The individual tracks on their debut album oscillate between riff-heavy hard rock that even the likes of Free would be ashamed of (Stick Around), loaded stompers (She's Got Balls) and free-flowing treats with a proper bottom-heavy bottom end (Little Lover). The songs don't lack in the slightest for room for instrumental savagery, exemplified by the six-and-a-half-minute long Soul Stripper, which features some blistering solos. Moreover, the two guitarists hadn't quite worked out their roles at that point, so for a good half of the songs, the later "grey eminence" and rhythm player Malcolm shows that he is comfortable with the higher positions of his fingerboard too. Seriously, the Youngs were keeping a close eye on the genre's development in their native Britain - that is evidenced by the fact that they based their arrangement of the Baby, Please Don't Go by "King of the Nine Strings" Big Joe Williams largely on the version released by Irish rhythm-and-bluesmen Them in 1964.

On their debut, the band's hands were clearly not tied in the slightest by the desire to generate a hit. Probably the closest they come to that category is a piece with the instructively titled Love Song, which after a hopefully loaded intro goes into a shallow goo. AC/DC probably faltered here - fortunately only for once - and with a song that didn't do much for the single, they spoiled the ending of an otherwise pretty solid record in my eyes.

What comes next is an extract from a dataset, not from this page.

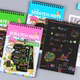 Children's handmade gifts, student rewards, practical and creative back-to-school gifts, kindergarten children's whole class educational prizes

Frontman Bon Scott, the author of the vast majority of the lyrics, handled the specific spirit of the album in his own way - following the tried-and-true blues manner, he went about describing women ranging from "vessels full of sin" to incompetent toys designed to satisfy male desires. In some places, with a balanced degree of obscene double entendres, he hit the bull's-eye (She's Got Balls), in others (Love Song) the pathos is rather overwhelming. On the other hand, I much really appreciated the lyrics of the closing track Show Business, which takes on the woes of a musician being ripped off by promoters instead of the weaker sex - a blues evergreen, too, in fact.

All round, High Voltage is a pretty decent debut for me. There's still more in the blues template than the band may have needed to achieve worldwide success, and tempting the audience with pop sweetness won't be necessary in the future either. But the tools that the band will use to inject fresh blood into the veins of exhausted British hard rock within a year and a day are already present in elementary form. Seventies AC/DC are a solid ride with no downright weak spot for me, but in a peer comparison none of the Bon Scott albums fall below the level of the debut.